This note, my Lord, in its full text, I transmitted this morning to my Government at Washington, where I have no doubt it will be received and considered in the friendly spirit in which it is intended, and as a sincere effort yet to preserve the Treaty between the two countries; and I will not fail to communicate to you at the earliest moment the answer which may come from Mr. Fish.

I have the honor to be, with the highest consideration, my Lord, Your Lordship's most obedient servant,

ROBT. C. SCHENCK.

[Inclosure 6 in No. 104.]

Earl Granville to General Schenck.

FOREIGN OFFICE, June 11, 1872.

SIR: It may be useful that I should briefly recapitulate the negotiations which have passed with respect to the supplementary Treaty Article in order that there may be a distinct and connected record of them.

On the 10th of May Her Majesty's Government, although they considered that the proposal of the form of Article would come more conveniently from the United States Government, proposed the draught Article as originally forwarded to you on that day. This draught Article was substantially the same as the draught note, the interchange of which had formed the subject of previous correspondence.

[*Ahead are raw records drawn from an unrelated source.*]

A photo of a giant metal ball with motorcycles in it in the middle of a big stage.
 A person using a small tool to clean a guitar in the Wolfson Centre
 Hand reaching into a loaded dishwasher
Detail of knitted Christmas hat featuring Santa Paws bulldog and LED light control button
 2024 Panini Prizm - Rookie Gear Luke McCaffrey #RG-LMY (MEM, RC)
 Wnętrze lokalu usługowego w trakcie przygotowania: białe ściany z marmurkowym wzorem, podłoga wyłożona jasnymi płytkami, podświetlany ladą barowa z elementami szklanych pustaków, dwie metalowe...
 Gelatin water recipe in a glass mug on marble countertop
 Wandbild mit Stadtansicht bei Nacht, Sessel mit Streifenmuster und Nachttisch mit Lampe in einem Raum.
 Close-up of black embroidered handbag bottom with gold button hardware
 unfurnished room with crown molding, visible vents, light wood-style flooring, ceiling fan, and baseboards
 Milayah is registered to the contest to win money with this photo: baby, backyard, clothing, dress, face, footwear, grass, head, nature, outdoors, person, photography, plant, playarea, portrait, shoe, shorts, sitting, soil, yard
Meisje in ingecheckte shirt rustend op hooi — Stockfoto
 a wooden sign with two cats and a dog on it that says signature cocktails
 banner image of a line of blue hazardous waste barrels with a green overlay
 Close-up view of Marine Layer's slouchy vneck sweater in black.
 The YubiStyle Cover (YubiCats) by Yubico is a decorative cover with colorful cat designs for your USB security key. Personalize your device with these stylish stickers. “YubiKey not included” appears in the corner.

On the 26th of May Her Majesty's Government learned that the Senate had recommended the President to negotiate a convention on the basis of this draught Article, with the substitution of two other paragraphs for the fourth and fifth paragraphs of the English draught, as follows: "Whereas the Government of Her Britannic Majesty has contended in the recent correspondence with the Government of the United States as follows, namely: That such indirect claims as those for the national losses stated in the Case presented on the part of the Government of the United States to the Tribunal of Arbitration at Geneva, to have been sustained by the loss in the transfer of the American commercial marine to the British flag; the enhanced payments of insurance; the prolongation of the war, and the addition of a large sum to the cost of the war and the suppression of the rebellion;' firstly, were not included, in fact, in the Treaty of Washington; and further, and secondly, should not be admitted in principle as growing out of the acts committed by particular vessels, alleged to have been enabled to commit depredations upon the shipping of a belligerent by reason of such a want of due diligence in the performance of neutral obligations as that which is imputed by the United States to Great Britain; and whereas the Government of the United States has contended that the said claims were included in the Treaty; and whereas both Governments adopt for the future the principle that claims for remote or indirect losses should not be admitted as the result of the failure to observe neutral obligations, so far as to declare that it will hereafter guide the conduct of both Governments in their relations with each other:

Now, therefore, in consideration thereof, the President of the United States, by and with the advice and consent of the Senate thereof, consents that he will make no claim on the part of the United States in respect of indirect losses, as aforesaid, before the Tribunal of Arbitration at Geneva."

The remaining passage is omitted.